Now, to get the flag for the second read in pair, you will have to click read is paired, second in pair and mate reverse strand (you know first read is on reverse strand). You will get 161. This means both these reads are in pair.
337,417 will have all these features but it will also mark "not primary alignment" feature.
I see; but then, isn't every reverse strand "first-in-pair" read implicitly paired with every "second-in-pair", read whose mate is on the reverse strand? If one or both of the reads maps many places, this could lead to a large number of "implicit" alignments.
Maybe this is just the nature of the way these things are encoded, but it would seem more intuitive to just always place aligned pairs (even discordant) together, repeating the alignment for one of the mates if necessary. This existing encoding makes things particularly difficult because you have to essentially look ahead to the end of all of the records for this read, and then generate mapped pairs by implicitly pairing all "compatible" discordant alignments.

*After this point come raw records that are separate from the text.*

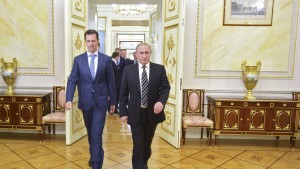 Russian President Vladimir Putin (R) and Syrian President Bashar al-Assad enter a hall during a meeting at the Kremlin in Moscow, Russia, October 20, 2015. Assad made a surprise visit to Moscow on Tuesday evening to thank Putin for launching air strikes against Islamist militants in Syria. Picture taken October 20, 2015. REUTERS/Alexei Druzhinin/RIA Novosti/Kremlin ATTENTION EDITORS - THIS IMAGE HAS BEEN SUPPLIED BY A THIRD PARTY. IT IS DISTRIBUTED, EXACTLY AS RECEIVED BY REUTERS, AS A SERVICE TO CLIENTS.   - RTS5E2Z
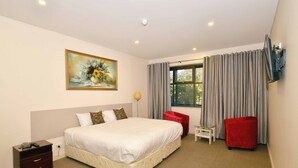 A hotel room with a large bed, a painting on the wall, a window with curtains, a TV mounted on the wall, and a red chair. - Parklane Motel Murray Bridge (Murray Bridge)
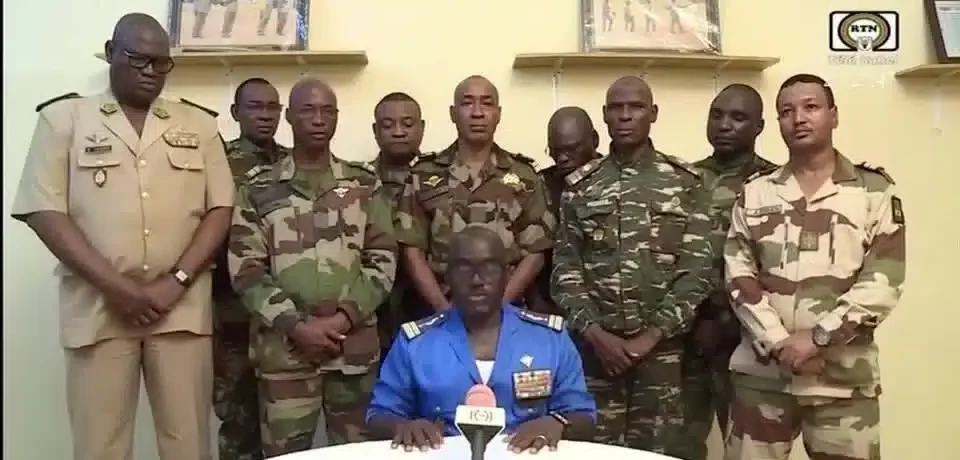 Niger Army spokesman Colonel Major Amadou Adramane speaks during an appearance on national television, after President Mohamed Bazoum was held in the presidential palace, in Niamey, Niger, July 26, 2023 in this still image taken from video. Photo: ORTN/via Reuters TV/Handout via Reuters.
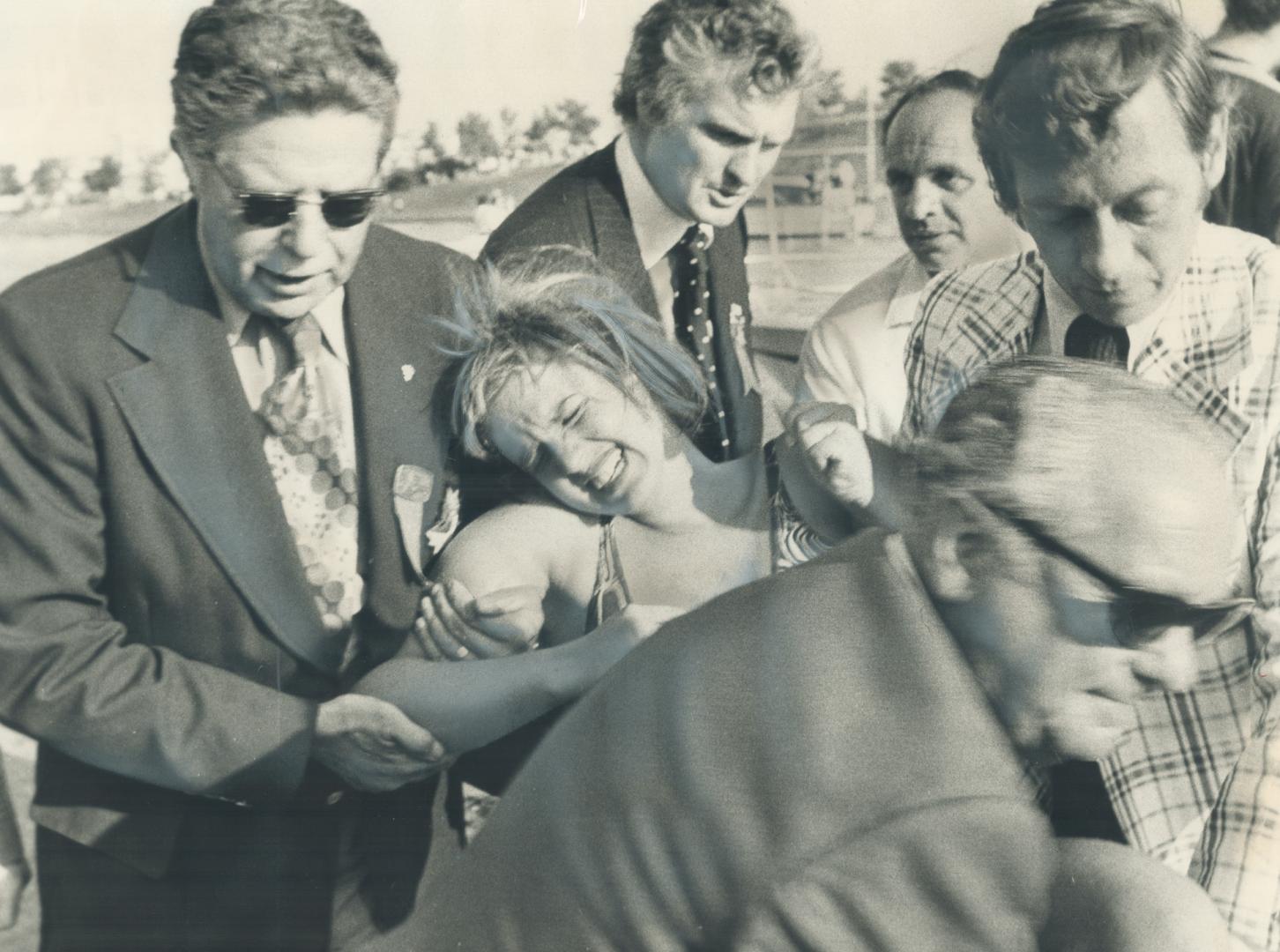 Cindy Nicholas, Marathon swimmer is helped ashore after swimming Lake Ontario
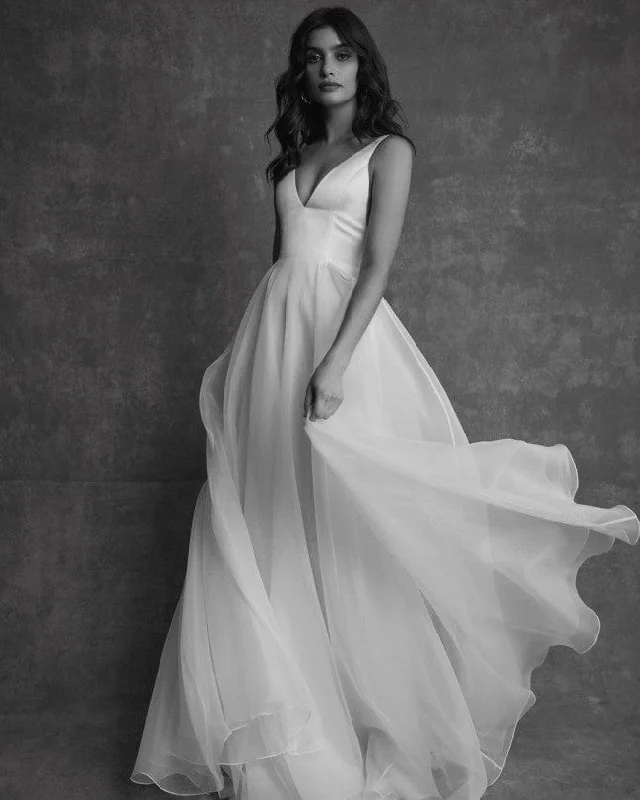 Wedding Dresses with Ruffled Hem and Bow at the Waist and Satin Ribbon and Embroidered Floral Patterns for a Sweet and Feminine LookSarah Seven Emilia Strap Wedding Dresses with Ruffled Hem and Bow at the Waist and Satin Ribbon and Embroidered Floral Patterns for a Sweet and Feminine LookSarah Seven Emilia Strap
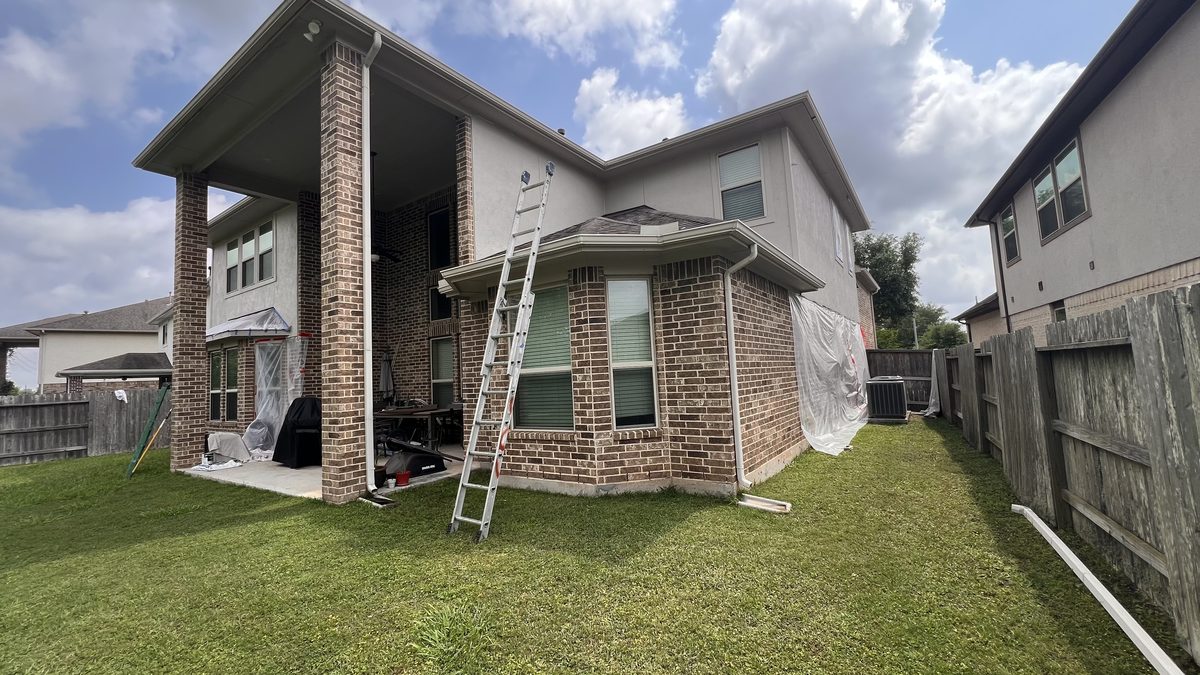 Masked and prepped siding before spraying
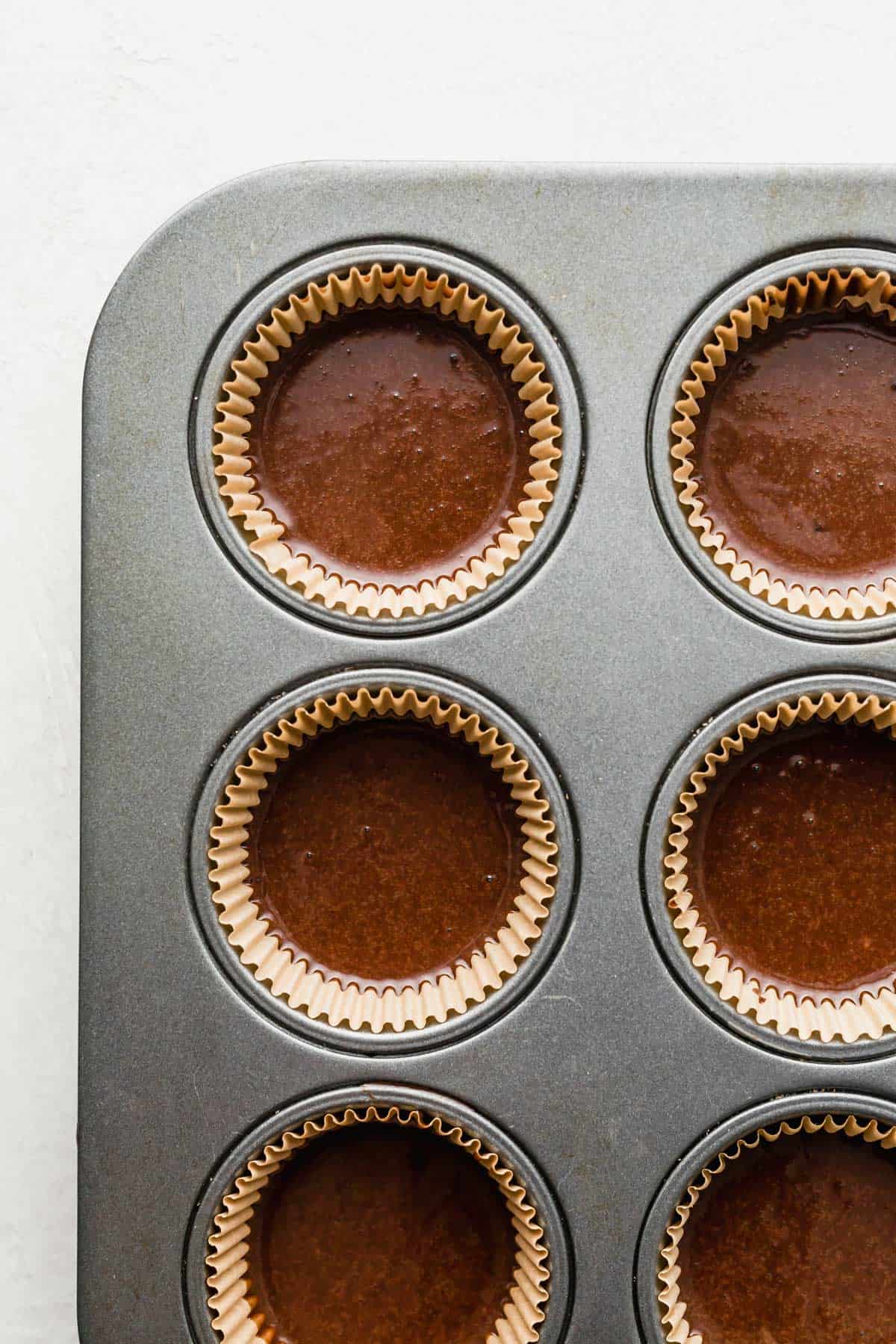 German Chocolate Cupcake batter in tan cupcake liners.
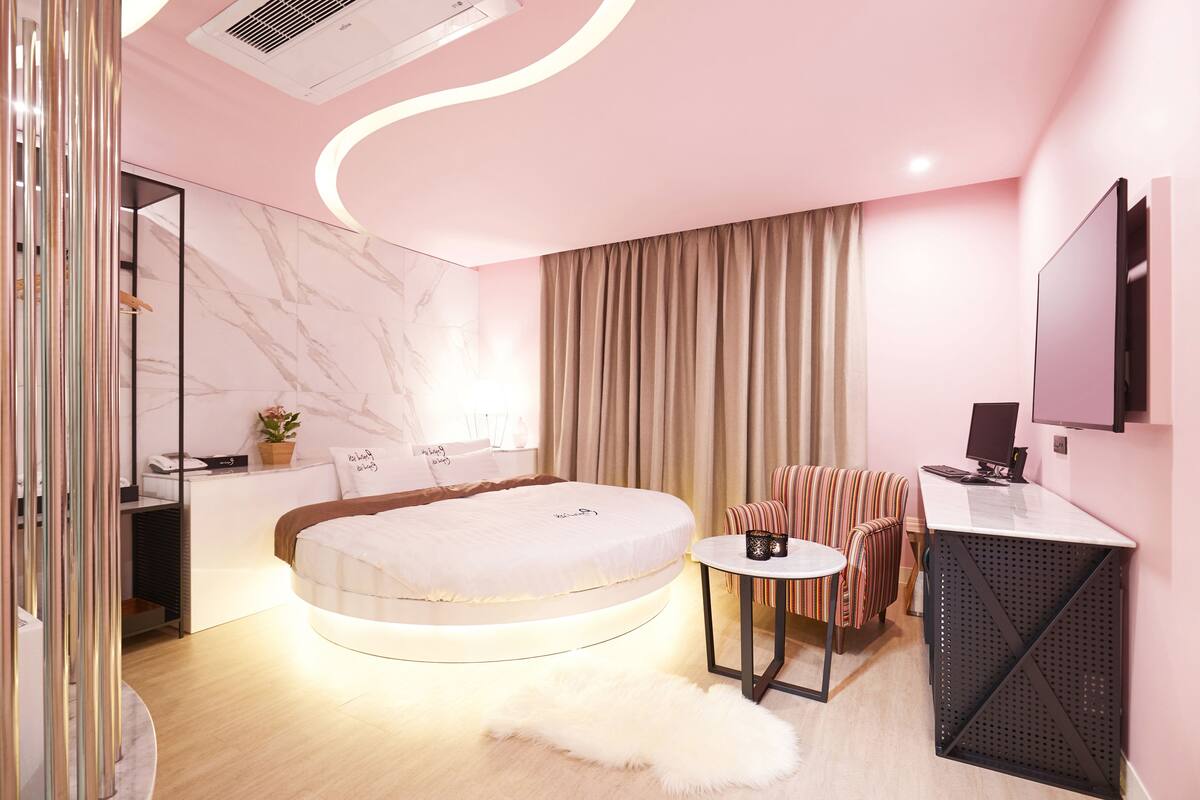 Un dormitorio moderno con una cama redonda, un escritorio, una silla, una mesita pequeña y un televisor.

Also, I'm assuming that the UP tag placed by Bowtie 2 is a mistake, since these reads do, in fact, map discordantly (the UP should be DP).
There is no "second-in-pair" flag - it's "last-in-fragment". The SAM specification tries hard not to talk about pairs so the format would be future proof :)
I'd have to double check the code to be sure, but I believe bowtie2 considers these alignments "mixed" rather than discordant, meaning that it's aligning the reads as singletons...thus leading to the YT:Z:UP aux tag.
Processing mates like this as pairs is actually rather difficult, since not every alignment will have an obvious mate (e.g. the alignment to ENSDART00000088520:2685) and you can easily run into cases where there's more than one possible mate (e.g., read2 maps to a tandom repeat). Those end up not being that uncommon in practice. Note that the MAPQ on these is 0 to begin with, so none of these alignments are worth much...so don't stress over them :)
Yes, I totally forgot to say that none of these alignments will be considered by downstream tools including variant callers or RPKM generators so you should take it is easy if you have a concern that they may screw the results.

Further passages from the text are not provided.